Starting from the line with "Custom Made Nautilis" and going up to and including the line with "BXzhiri_Women Blue Jeans", copy the listing below exactly. Leave all images out.

■ **DATA LISTING**
⟨

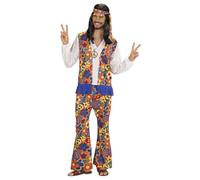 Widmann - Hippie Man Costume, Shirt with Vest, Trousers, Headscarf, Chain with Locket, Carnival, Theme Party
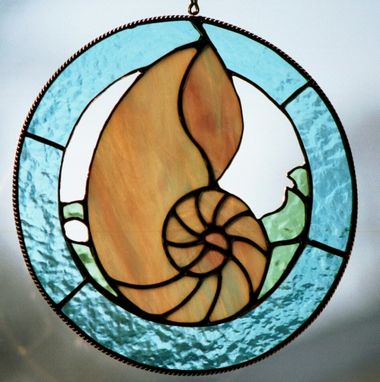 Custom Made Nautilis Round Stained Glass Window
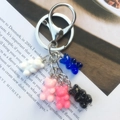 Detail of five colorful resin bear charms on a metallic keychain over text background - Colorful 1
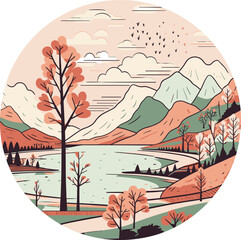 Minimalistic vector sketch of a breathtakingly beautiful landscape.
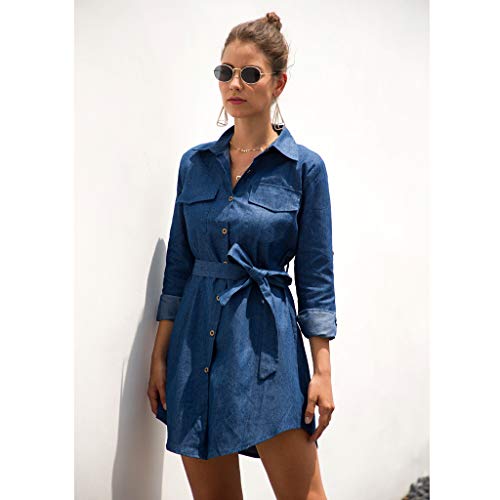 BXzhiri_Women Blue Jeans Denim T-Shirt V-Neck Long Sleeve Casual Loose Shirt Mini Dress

⟩
⟨

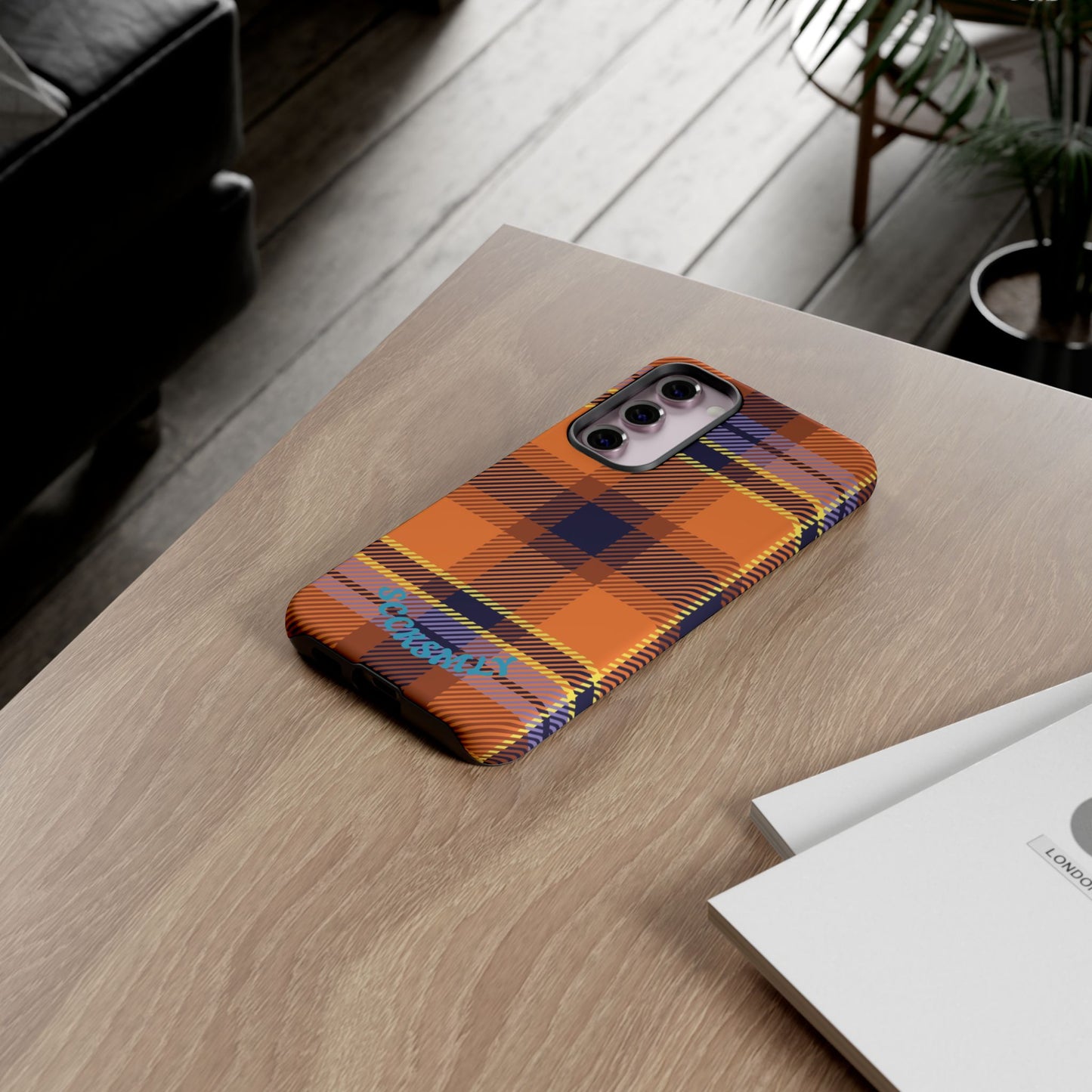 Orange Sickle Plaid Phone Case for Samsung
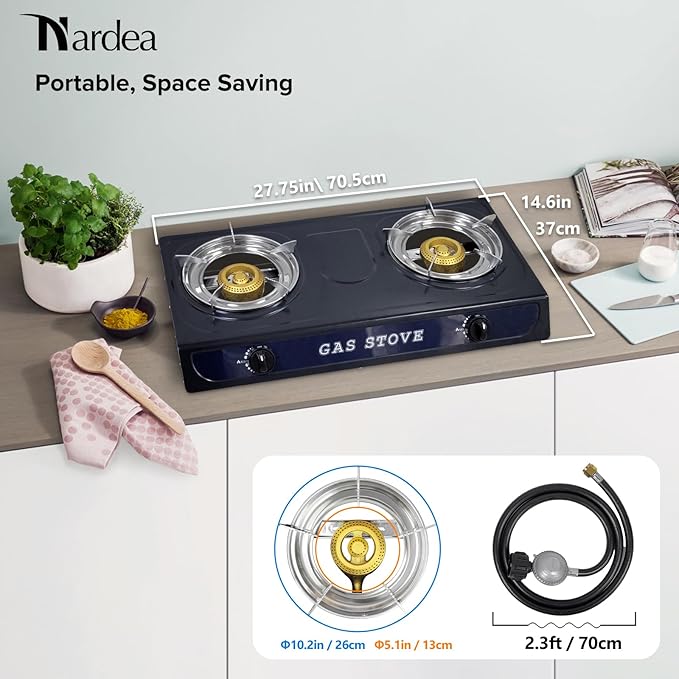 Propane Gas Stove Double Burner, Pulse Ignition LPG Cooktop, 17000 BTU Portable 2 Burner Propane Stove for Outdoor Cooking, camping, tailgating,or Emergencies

⟩

■ **ANSWER FOR THE TASK**
 Custom Made Nautilis Round Stained Glass Window
 Detail of five colorful resin bear charms on a metallic keychain over text background - Colorful 1
 Minimalistic vector sketch of a breathtakingly beautiful landscape.
 BXzhiri_Women Blue Jeans Denim T-Shirt V-Neck Long Sleeve Casual Loose Shirt Mini Dress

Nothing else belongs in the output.